– To wielkie wyzwanie. Muszę podołać wszystkim zobowiązaniom – oświadczył dr Łukasz Kamiński tuż po tym, jak Sejm powołał go w piątek na nowego prezesa IPN. Dodał, że większość jego pierwszych działań jako prezesa będzie dotyczyła spraw organizacyjnych, niezbędnych, by instytut sprawnie funkcjonował. Powtórzył, że chce uprościć procedury w pionie archiwalnym, przyspieszyć prace pionu lustracyjnego oraz zintensyfikować prace pionu edukacyjno-badawczego.
Za kandydaturą Kamińskiego opowiedziało się 372 posłów, ośmiu było przeciw, tylu samo wstrzymało się od głosu.

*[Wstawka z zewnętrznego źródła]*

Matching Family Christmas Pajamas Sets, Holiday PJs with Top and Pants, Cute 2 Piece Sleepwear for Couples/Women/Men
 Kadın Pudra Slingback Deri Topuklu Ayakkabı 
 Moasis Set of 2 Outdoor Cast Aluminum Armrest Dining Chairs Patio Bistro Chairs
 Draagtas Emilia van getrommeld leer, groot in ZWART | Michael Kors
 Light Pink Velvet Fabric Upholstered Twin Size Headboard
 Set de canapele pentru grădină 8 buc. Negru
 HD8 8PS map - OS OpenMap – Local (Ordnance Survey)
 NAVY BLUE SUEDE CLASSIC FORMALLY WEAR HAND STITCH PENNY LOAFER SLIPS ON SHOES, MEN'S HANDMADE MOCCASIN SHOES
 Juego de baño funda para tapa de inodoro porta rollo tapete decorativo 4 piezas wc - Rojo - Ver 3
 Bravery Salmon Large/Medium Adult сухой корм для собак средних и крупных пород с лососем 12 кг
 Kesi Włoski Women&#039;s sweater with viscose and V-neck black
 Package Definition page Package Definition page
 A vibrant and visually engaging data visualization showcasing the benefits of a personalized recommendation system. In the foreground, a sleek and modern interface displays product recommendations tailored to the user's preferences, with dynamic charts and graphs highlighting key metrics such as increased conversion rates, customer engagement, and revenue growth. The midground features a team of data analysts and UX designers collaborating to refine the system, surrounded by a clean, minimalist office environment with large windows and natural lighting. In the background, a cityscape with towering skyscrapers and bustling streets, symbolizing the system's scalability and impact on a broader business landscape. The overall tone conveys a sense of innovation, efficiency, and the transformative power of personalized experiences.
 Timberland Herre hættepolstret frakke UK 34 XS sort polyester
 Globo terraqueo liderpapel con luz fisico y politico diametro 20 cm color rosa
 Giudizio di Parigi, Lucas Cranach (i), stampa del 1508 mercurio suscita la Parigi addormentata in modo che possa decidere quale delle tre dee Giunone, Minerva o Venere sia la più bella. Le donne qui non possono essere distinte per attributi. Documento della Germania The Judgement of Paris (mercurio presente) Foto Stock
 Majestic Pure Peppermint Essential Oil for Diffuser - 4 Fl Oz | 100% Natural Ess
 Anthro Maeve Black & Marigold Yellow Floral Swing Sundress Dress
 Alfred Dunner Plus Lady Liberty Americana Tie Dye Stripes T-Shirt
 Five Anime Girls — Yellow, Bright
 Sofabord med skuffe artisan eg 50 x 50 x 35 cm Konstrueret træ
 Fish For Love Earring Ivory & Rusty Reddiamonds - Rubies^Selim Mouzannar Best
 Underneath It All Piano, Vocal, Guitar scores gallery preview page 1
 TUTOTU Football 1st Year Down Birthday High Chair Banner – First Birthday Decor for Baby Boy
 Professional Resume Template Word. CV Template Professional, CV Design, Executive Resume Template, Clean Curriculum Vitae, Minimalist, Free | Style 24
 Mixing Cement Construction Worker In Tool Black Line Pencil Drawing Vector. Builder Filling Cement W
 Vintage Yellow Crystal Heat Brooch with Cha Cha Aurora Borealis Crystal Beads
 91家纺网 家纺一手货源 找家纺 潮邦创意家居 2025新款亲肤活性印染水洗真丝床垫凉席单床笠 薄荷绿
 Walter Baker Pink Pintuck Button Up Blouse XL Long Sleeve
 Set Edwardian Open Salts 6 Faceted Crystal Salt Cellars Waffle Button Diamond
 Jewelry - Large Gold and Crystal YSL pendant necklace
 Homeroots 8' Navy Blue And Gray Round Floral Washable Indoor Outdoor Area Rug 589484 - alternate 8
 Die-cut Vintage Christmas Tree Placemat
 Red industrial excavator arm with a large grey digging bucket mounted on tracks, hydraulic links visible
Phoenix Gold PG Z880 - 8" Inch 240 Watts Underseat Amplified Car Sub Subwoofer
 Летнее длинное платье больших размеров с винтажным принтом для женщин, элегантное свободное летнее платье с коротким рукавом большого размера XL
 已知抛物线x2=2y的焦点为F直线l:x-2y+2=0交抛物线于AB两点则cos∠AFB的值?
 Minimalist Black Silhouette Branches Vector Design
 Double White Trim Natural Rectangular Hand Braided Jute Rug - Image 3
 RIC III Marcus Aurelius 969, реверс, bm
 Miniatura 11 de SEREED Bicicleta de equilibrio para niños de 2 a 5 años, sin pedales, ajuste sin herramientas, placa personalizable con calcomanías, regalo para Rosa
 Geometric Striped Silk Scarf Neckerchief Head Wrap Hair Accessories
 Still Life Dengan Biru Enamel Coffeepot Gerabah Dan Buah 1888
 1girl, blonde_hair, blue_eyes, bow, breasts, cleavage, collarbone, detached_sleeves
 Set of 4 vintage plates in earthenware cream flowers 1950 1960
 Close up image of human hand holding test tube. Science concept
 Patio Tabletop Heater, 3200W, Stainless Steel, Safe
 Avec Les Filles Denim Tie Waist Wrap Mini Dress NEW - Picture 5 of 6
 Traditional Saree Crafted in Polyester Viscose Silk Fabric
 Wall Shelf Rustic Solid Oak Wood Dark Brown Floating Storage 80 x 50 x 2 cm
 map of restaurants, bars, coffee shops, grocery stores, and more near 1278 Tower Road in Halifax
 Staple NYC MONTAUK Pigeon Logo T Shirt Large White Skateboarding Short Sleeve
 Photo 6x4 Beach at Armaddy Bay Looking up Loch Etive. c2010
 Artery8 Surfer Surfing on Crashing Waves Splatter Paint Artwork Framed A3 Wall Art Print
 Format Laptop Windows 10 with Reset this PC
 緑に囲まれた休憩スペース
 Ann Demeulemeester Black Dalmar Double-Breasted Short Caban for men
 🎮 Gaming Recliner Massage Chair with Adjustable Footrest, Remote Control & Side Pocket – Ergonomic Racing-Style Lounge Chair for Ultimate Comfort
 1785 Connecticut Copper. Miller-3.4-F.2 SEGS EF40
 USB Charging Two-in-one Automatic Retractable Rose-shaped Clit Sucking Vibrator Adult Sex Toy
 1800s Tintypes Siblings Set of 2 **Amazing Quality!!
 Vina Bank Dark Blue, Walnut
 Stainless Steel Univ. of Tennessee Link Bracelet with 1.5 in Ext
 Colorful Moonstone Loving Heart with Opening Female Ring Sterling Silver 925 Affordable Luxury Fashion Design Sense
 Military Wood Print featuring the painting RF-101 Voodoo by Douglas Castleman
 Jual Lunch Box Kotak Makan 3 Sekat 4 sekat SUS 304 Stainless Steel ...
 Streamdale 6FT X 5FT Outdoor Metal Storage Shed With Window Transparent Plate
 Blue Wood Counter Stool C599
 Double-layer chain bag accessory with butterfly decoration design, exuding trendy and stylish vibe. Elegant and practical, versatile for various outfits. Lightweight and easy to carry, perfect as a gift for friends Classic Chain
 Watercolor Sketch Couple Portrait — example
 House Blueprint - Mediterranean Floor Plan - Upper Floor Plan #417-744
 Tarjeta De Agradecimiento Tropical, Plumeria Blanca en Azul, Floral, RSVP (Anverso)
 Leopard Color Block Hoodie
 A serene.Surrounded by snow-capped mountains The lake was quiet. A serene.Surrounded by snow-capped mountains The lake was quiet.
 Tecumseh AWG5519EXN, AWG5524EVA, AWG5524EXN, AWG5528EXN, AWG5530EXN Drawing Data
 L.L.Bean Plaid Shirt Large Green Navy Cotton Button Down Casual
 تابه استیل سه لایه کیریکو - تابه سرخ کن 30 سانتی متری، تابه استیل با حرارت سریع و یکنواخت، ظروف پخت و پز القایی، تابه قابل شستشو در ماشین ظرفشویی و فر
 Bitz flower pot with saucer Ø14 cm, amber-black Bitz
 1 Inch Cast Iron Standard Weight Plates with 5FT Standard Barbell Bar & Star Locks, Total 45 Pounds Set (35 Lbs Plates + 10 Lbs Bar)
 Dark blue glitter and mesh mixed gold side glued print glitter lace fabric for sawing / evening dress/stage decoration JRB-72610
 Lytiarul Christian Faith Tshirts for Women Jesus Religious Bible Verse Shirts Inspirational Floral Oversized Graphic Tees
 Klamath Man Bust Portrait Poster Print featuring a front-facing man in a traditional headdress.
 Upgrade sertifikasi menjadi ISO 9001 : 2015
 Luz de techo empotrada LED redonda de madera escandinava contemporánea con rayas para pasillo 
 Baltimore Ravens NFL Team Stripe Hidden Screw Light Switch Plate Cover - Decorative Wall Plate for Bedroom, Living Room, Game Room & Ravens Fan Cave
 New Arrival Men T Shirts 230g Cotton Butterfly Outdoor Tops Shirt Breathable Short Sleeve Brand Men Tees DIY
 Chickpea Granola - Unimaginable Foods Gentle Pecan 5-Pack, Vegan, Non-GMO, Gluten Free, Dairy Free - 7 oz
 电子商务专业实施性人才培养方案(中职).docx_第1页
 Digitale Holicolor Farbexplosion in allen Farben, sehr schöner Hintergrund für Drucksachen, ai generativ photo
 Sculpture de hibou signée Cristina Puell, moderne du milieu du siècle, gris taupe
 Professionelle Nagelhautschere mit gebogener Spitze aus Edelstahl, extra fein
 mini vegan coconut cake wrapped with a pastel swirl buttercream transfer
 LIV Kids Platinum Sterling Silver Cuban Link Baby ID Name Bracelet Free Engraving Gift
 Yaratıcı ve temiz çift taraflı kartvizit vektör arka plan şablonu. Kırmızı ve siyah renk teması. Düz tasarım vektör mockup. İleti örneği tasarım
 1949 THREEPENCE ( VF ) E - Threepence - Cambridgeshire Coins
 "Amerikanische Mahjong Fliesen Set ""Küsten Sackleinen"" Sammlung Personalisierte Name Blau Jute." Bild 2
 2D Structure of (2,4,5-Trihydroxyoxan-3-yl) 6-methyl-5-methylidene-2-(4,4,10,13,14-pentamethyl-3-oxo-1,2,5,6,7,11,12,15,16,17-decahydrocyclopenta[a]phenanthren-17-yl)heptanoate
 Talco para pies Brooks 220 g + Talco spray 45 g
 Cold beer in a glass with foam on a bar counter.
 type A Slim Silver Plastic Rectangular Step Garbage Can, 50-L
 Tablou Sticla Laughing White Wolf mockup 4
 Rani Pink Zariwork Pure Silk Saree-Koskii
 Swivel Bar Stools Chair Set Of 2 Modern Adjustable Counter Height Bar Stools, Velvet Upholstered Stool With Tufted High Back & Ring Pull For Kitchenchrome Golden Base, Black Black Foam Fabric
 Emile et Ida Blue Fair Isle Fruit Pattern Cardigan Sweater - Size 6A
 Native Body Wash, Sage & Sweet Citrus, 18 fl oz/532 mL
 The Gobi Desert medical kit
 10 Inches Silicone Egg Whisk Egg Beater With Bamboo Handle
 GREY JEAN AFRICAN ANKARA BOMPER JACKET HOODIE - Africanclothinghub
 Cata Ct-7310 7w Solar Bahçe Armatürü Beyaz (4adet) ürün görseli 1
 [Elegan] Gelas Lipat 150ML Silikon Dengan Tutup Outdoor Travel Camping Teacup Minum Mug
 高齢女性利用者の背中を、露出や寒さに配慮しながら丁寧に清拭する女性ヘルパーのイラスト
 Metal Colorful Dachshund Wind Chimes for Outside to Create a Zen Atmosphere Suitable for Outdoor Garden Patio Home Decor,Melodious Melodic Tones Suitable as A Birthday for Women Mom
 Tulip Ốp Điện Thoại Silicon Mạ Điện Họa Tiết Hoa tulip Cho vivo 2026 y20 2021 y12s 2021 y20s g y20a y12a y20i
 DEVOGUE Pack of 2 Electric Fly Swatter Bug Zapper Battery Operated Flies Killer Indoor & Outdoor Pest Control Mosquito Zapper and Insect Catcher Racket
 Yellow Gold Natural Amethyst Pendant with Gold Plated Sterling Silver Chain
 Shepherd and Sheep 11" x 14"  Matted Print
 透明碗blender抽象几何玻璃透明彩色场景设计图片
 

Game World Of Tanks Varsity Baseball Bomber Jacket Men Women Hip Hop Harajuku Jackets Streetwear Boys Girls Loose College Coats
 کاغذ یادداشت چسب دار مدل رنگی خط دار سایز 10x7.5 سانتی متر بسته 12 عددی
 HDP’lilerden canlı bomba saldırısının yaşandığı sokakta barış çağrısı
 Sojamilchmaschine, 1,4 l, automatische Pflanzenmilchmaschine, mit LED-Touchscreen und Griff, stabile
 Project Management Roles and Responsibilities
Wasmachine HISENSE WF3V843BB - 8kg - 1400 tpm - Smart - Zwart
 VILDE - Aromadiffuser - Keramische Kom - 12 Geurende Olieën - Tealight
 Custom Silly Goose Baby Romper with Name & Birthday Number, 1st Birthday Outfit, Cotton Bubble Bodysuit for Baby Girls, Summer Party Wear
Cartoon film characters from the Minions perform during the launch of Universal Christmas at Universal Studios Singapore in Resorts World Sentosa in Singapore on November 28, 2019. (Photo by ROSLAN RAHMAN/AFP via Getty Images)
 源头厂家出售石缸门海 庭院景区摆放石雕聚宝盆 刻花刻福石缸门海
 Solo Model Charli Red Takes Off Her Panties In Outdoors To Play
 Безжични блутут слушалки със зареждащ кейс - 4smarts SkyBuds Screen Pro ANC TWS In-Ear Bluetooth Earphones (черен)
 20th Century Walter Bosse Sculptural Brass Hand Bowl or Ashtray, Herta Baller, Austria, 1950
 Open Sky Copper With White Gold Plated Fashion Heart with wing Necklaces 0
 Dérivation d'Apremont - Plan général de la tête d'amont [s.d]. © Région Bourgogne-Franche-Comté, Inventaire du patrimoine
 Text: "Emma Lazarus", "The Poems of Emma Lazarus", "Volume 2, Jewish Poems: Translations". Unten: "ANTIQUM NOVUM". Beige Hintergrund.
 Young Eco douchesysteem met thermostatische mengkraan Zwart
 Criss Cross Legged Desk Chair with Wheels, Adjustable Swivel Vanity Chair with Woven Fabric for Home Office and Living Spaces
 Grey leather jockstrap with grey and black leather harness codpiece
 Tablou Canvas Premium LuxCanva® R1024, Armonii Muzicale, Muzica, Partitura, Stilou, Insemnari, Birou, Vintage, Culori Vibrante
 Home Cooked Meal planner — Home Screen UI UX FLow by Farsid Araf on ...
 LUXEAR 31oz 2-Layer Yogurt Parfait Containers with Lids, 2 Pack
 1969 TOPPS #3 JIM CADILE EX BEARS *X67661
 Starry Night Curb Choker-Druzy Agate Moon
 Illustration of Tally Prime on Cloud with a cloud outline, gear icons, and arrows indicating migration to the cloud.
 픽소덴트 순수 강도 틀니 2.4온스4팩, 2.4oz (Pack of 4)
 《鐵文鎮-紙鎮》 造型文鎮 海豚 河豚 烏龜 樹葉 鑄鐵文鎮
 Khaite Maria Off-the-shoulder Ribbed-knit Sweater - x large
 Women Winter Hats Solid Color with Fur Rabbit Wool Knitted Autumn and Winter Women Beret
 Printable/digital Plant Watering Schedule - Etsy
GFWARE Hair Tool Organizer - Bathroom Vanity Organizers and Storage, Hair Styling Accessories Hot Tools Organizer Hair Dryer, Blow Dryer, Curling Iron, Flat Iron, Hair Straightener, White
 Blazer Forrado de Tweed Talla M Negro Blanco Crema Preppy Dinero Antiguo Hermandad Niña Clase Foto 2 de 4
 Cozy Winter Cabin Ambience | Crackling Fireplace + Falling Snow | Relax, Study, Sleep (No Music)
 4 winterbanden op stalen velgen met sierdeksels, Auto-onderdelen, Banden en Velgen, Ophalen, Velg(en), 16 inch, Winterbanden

Poparło go 190 przedstawicieli PO, 139 – PiS, 24 – PSL i 15 – PJN. Klub SLD nie wziął udziału w głosowaniu.
Platforma z dyscypliną
Choć większość posłów PO chwali Kamińskiego, są i tacy, którzy podnieśli rękę za jego kandydaturą tylko dlatego, że obowiązywała dyscyplina klubowa. – Argument był taki, że myśmy uruchomili pewien proces, to była nasza ustawa i na końcu tego procesu wyłoniony został kandydat. Teraz nie możemy powiedzieć "nie" – tłumaczy swój wybór wicemarszałek Sejmu Stefan Niesiołowski. Ale dodaje: – Obawiam się, że może stać się drugim Kurtyką.
Z dyscypliny klubowej wyłamali się posłowie Stanisław Huskowski, który głosował przeciw, oraz Jerzy Borowczak, który wstrzymał się od głosu. Swój krok uzasadniał niedawną wypowiedzią Kamińskiego, w której ten nie odciął się od książki Sławomira Cenckiewicza i Piotra Gontarczyka "SB a Lech Wałęsa. Przyczynek do biografii".
Kamińskiego broni Jarosław Gowin: – Myślę, że to bardzo profesjonalny historyk. Osoba znana z talentów organizacyjnych, co przy kierowaniu tak ogromną instytucją ma bardzo duże znaczenie – mówi, choć zaznacza, że osobiście go nie zna.